Wärmebedarfsberechnung ist nicht erforderlich

Hat der Vermieter eine bauliche Maßnahme durchgeführt, die zu einer nachhaltigen Einsparung von Heizenergie führt (z.B. Wärmedämmung der Fassade), kann er die jährliche Miete um 11 % der anteilig auf die Wohnung entfallenden Kosten erhöhen (§559 BGB). Die Mieterhöhung muss dem Mieter in Textform erklärt werden, wobei diese Erklärung nur wirksam ist, wenn in ihr die Erhöhung aufgrund der entstandenen Kosten berechnet und erläutert wird (§ 559 b Abs. 1 BGB).

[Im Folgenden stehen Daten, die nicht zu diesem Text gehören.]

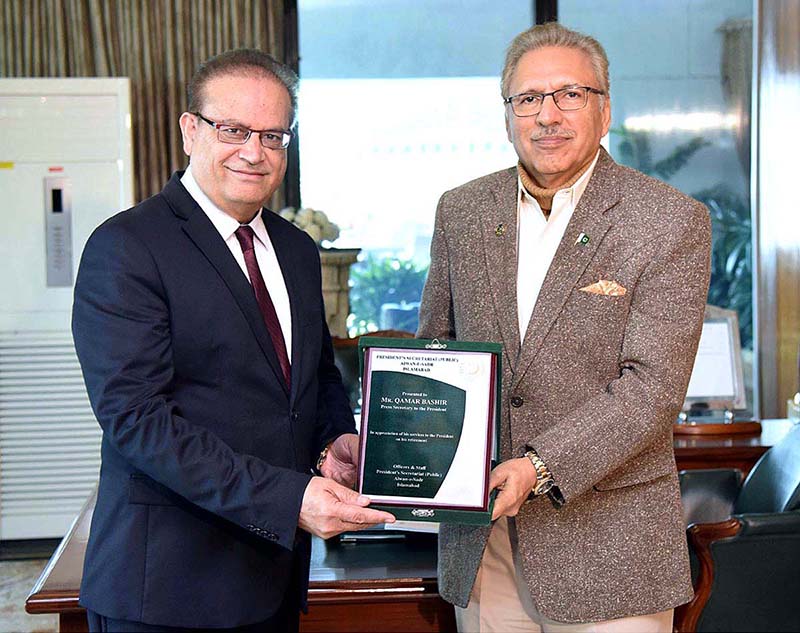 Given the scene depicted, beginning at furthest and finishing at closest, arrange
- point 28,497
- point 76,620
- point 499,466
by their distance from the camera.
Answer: point 28,497
point 76,620
point 499,466

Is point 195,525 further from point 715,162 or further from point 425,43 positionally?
point 715,162

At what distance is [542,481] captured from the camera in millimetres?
1849

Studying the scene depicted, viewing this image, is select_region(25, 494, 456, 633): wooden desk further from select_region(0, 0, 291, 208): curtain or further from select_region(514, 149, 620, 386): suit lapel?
select_region(0, 0, 291, 208): curtain

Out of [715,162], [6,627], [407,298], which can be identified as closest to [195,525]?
[6,627]

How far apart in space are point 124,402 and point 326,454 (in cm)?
48

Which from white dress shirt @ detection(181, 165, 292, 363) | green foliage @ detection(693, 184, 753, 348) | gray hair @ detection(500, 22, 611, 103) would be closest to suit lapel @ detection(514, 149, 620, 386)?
gray hair @ detection(500, 22, 611, 103)

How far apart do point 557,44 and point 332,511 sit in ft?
3.12

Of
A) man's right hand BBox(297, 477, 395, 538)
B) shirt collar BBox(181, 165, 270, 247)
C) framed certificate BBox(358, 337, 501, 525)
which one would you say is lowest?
man's right hand BBox(297, 477, 395, 538)

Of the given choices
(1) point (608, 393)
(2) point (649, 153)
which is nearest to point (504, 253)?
(1) point (608, 393)

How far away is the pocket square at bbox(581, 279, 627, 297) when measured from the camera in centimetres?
189

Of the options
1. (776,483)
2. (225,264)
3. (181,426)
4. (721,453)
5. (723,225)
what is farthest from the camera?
(723,225)

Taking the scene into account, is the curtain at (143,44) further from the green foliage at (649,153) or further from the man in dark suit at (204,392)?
the man in dark suit at (204,392)

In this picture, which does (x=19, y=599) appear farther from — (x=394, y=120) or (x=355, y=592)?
(x=394, y=120)

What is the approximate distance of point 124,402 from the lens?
172 cm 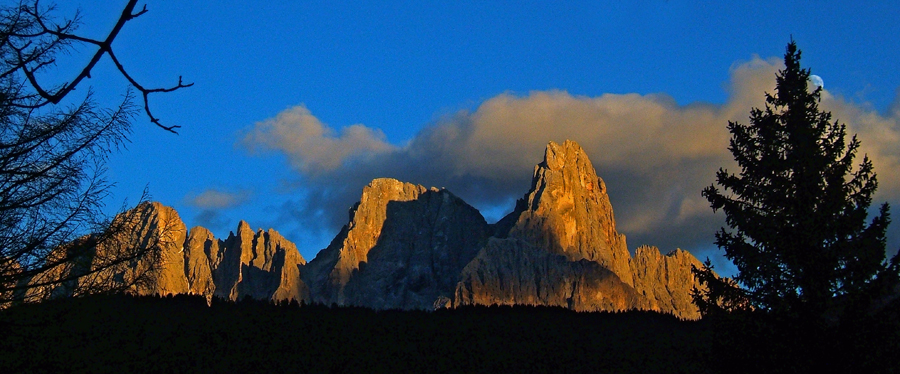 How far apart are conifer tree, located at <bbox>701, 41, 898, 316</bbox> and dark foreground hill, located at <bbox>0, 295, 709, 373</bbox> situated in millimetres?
3179

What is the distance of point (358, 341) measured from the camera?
119ft

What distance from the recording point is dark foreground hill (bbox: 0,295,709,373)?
1198 inches

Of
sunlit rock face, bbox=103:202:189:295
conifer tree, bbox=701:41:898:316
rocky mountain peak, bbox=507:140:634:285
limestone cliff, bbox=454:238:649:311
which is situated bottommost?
sunlit rock face, bbox=103:202:189:295

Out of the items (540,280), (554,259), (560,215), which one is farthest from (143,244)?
(560,215)

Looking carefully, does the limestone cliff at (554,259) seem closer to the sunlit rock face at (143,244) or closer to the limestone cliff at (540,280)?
the limestone cliff at (540,280)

An die Erläuterung der Mieterhöhungserklärung hat die Rechtsprechung zunehmend höhere Anforderungen gestellt und zuletzt sogar gefordert, dass der Erhöhungserklärung eine sog. Wärmebedarfsberechnung beigefügt werden muss, aus der hervorgeht, in welchem Maß sich eine Verringerung des Heizenergieverbrauchs ergibt (so KG Berlin, NZM 2000, 1049).

Dieser Auffassung hat der BGH nunmehr in letzter Instanz ausdrücklich widersprochen und entschieden, dass die Beifügung einer Wärmebedarfsberechnung nicht erforderlich ist (BGH, RE vom 10.4.2002, VIII ARZ 3/01, NJW 2002, 2036). Zur Begründung führt der BGH aus, dass eine "nachhaltige" Einsparung von Heizenergie im Sinne von § 559 BGB (vor dem 1.9.2001: § 3 MHG) bereits dann vorliegt, wenn diese messbar und nicht nur vorübergehend, sondern dauerhaft ist. Ein bestimmtes Maß der voraussichtlich einzusparenden Heizenergie ist für eine Mieterhöhung nach § 559 BGB nicht erforderlich. Daher kann auch keine Wärmebedarfsberechnung gefordert werden, die ein bestimmtes Maß der voraussichtlichen Energieeinsparung ausweist.
Erforderlich ist somit lediglich, dass mit der Maßnahme überhaupt eine Energieeinsparung verbunden ist.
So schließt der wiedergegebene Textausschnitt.